Les mains jointes, il prend un air inspiré. Cela fait cinq jours qu’il répète cette présentation dont le contenu est gardé secret depuis des mois. "De temps en temps un produit révolutionnaire qui change tout arrive." Bras qui s’écartent pour accueillir le futur client. Mains qui se rejoignent pour le serrer près de lui. Le patron de la marque à la pomme se lance alors dans une énumération de tous les produits sortis par son entreprise ces dernières années. Le Macintosh, l’iPod…
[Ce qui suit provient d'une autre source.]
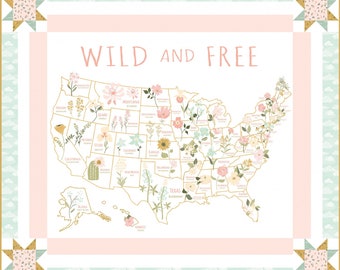 Riley Blake Wild and Free Panel Quilt Kit 52X59 KT-12930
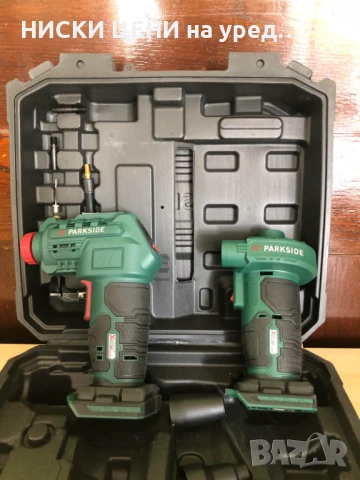 Parkside Акумулаторен компресор PAK 20-Li B2 и въздушна помпа PALP20-Li B2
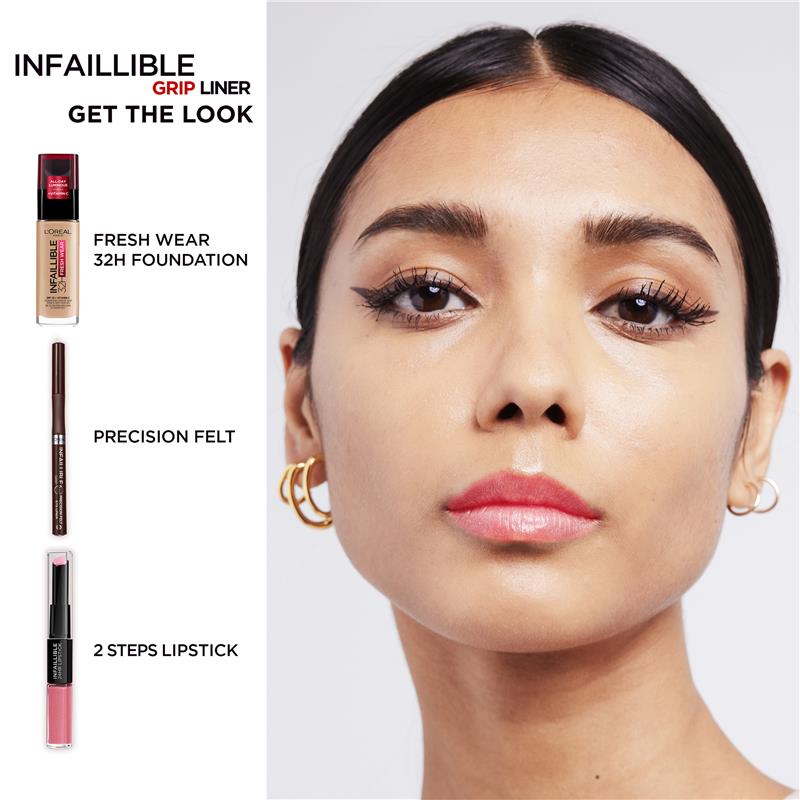 L'Oreal Paris Infallible Precision Felt Eyeliner 02 Brown
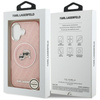 ETUI DO IPHONE 17 do MAGSAFE KARL LAGERFELD ORYGINALNE RÓŻOWE MODNE CASE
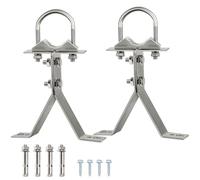 XRDS -RF XRDS-RF Antenna Wall Mount 6 Inch Heavy-Duty Stand Off Wall Mast Mount Windproof Antenna Mounting Bracket for TV Antenna Mast (2-Leg + 2-Leg)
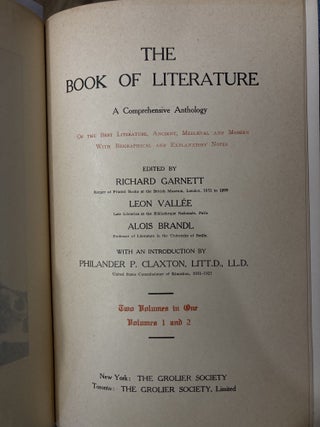 THE BOOK OF LITERATURE (32 VOLUMES IN 16)
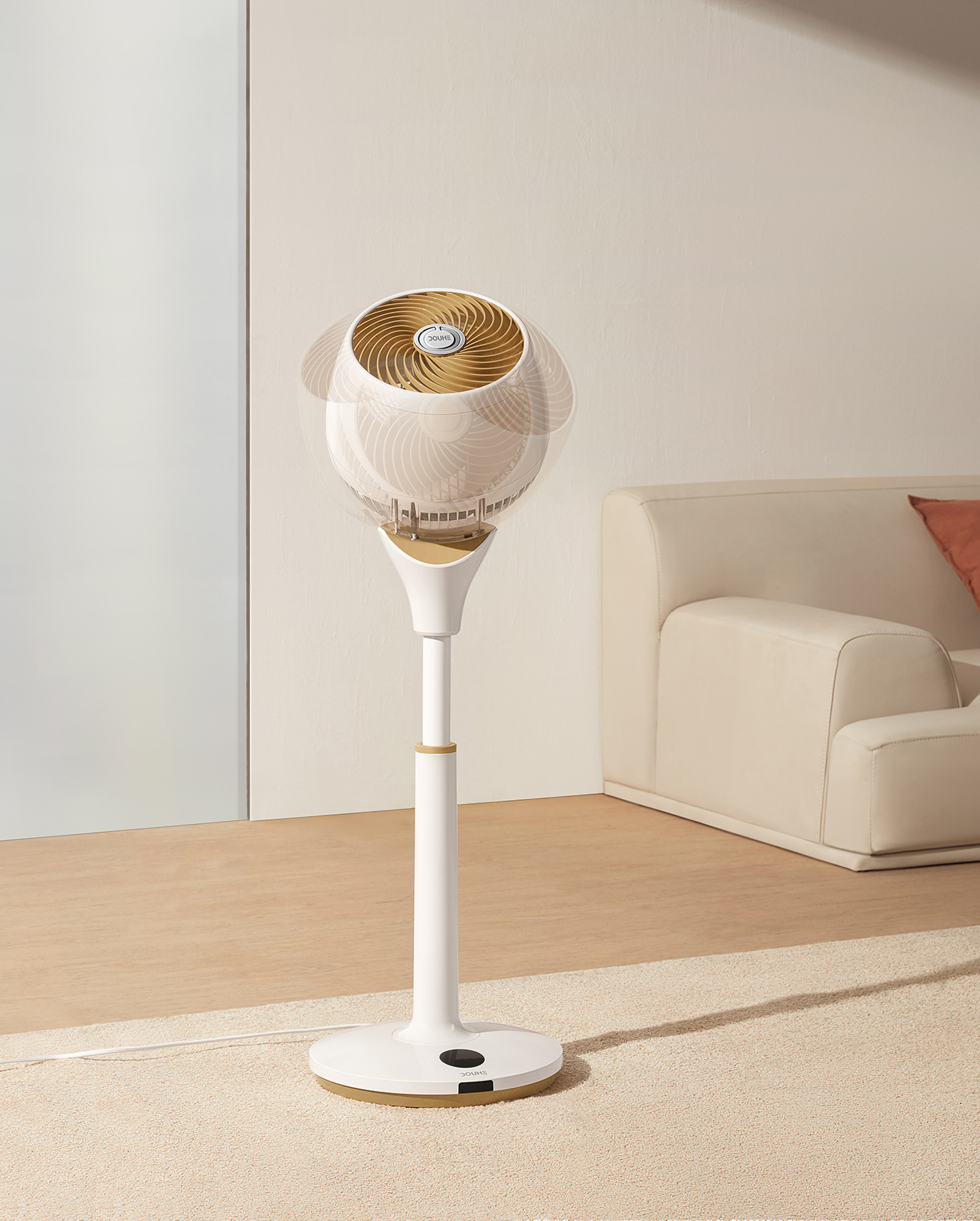 Bucket, circulating fan, fan, floor fan，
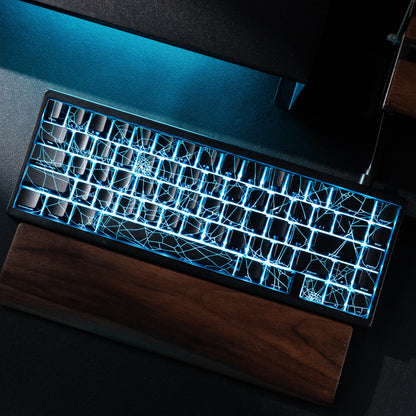 Teclado XVX Spider Web M67 JadeStone com Teclas IMD-Tech, Ligação Tri-Mode e Retroiluminação RGB Personalizada 60%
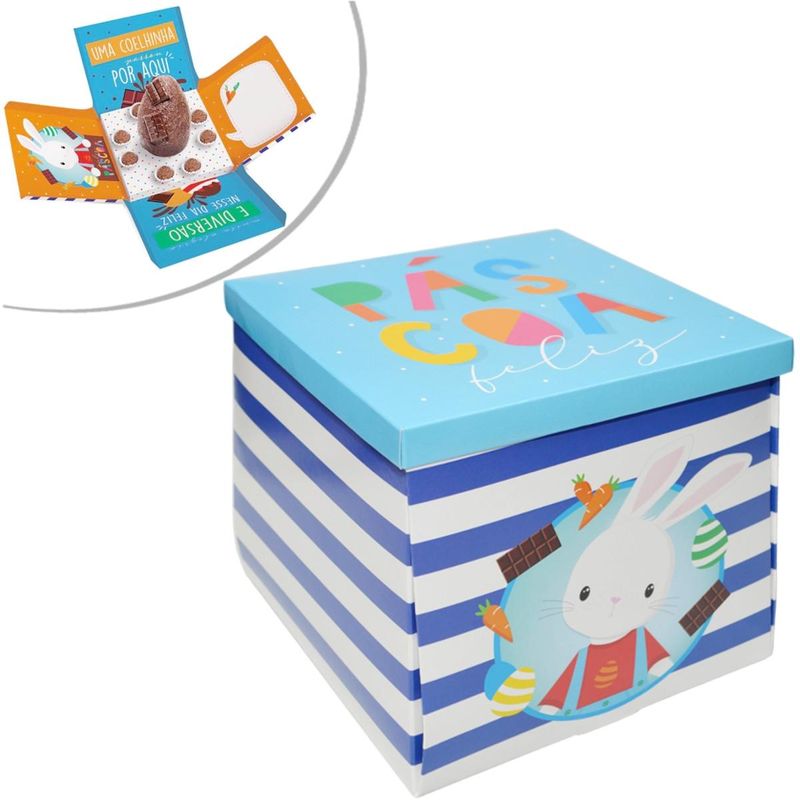Caixa Surpresa Brilho de Páscoa Azul Ref. 13003883 Cromus (01 unidade)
"Aujourd’hui, nous présentons trois produits révolutionnaires. Un iPod avec un grand écran tactile, un téléphone mobile révolutionnaire et un système de navigation sur internet innovant." Beaucoup de mots pour un seul objet : l’iPhone.

Steve Jobs se lance alors dans son exercice préféré : montrer à quel point son entreprise est en train de révolutionner le marché des nouvelles technologies. Son téléphone, qui a nécessité "des années de recherche et développement", propose "une expérience utilisateur révolutionnaire". Les superlatifs s'enchaînent, le public est conquis.
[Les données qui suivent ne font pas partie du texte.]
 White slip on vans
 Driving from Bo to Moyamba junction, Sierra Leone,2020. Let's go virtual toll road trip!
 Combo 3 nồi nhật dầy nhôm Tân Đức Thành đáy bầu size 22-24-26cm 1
Terminé le clavier physique qui avait fait le succès de marques comme Nokia ou Blackberry. Pas question non plus d’un style pour naviguer dans l’appareil ("personne ne veut d’un stylet", glisse le prophète de la tech). L’iPhone, c’est avant tout un écran tactile qu’on manipule du bout des doigts.

Palm Pilot, Newton, Simon…

Si on le compare aux smartphones d’aujourd’hui, l’appareil paraît ridiculement petit. Mais il a un avantage : il tient dans la paume de la main. La paume… voilà un mot qui évoque une autre invention : le Palm Pilot. Dès 1996, l’entreprise Palm met sur le marché ce qui ressemble bien à un ancêtre de l’iPhone avec un stylet. Un ordinateur de poche qui s’écoulera à un million d’exemplaires en un an et demi.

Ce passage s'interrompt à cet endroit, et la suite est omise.